I just read a good short paper on Crowdsourcing, Attention, and Productivity [pdf] by Bernardo Huberman, Daniel Romero (who’s an intern here at MS Research with us this summer) and Fang Wu at HP Labs. They used a big dataset from YouTube to measure content contribution and attention.

Thesis: People contribute more to content sites like YouTube when they receive positive attention, and a lack of attention causes people to uploading less content and, in some cases, to stop contributing altogether.

Those contributing to the digital commons perceive it as a private good, in which payment for their efforts is in the form of the attention that their content gathers in the form of media downloads or news clicked on

This isn’t an entirely surprising study. There’s lots of evidence that status is a major motivator for online participation– not just academic studies, but in general game and social software design (see my Tumblarity and FourSquare posts for recent examples). That’s why every arcade game has a leaderboard and why Yelp has an elite classification and why I’m writing a dissertation on the topic.

But Huberman et al. use “status” and “attention” synonymously, which interests me. They operationalize “attention” as “number of views.” On YouTube this makes sense, since the highest-viewed videos bubble up to the index pages, and videos that crack the top 100 in their category get “honors” that appear on the statistics part of each individual video’s page. So on YouTube, attention maps fairly neatly to status. And I think this is true for most sites that have quantifiable status metrics based on views, followers or whatever the site labels it.

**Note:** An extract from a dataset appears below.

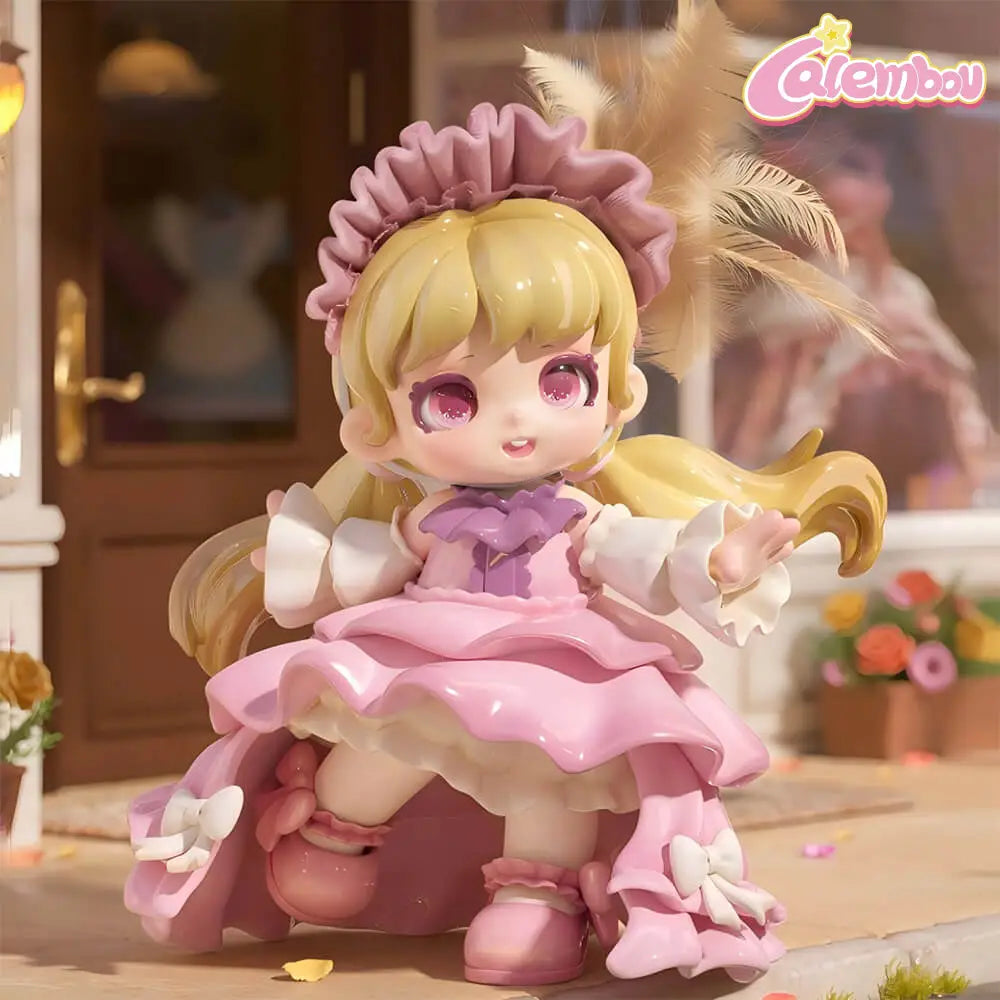 Miana Retro Shop Series Figure Blind Box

On other sites, of course, status might be linked to skill (high scores, artistry, writing reviews of new restaurants), looks (clothing choices, aesthetics, makeup skills), wealth, whatever. But if I’ve created an amazing Polyvore collage, it’s only a status symbol if other people see it (and I’ll be more likely to create more if people view my existing collages). Similarly, although time doesn’t map directly to attention, having a low Slashdot number or an “oldschool” Upcoming badge is meaningless if nobody knows about it. I need to have recognition for my wealth, skill, or looks in order for them to function as status within a group.

I’d argue that attention is an important part of the status metric; but I don’t think more attention always translates to more status (the term “famewhore” comes to mind). But perhaps the attention is what encourages people like Julia Allison or Nick Starr to continue living public lives, even as they receive a great deal of negative attention at the same time. I would be interested to see if attention of any kind correlates with participation, or whether it is only positive attention; if the YouTubers had thousands of hits, but an equal number of vitriolic comments, would they continue to post videos?

Finally: We hear a lot about the “attention economy” or “publicity culture,” in which the most valued skills are those which increase attention. And many people decry this culture for bubbling-up sensational, sexual, or violent content– or just short bursts of info-nuggets– rather than meaningful, thoughtful, difficult ideas. I’d argue that what attracts attention is culturally specific and so we can’t automatically assume that an attention economy leads to lowest-common-denominator content. (Another assumption I’d like to see tested.)

It’s a beautiful day today and all I want to be doing is riding my bike around outside.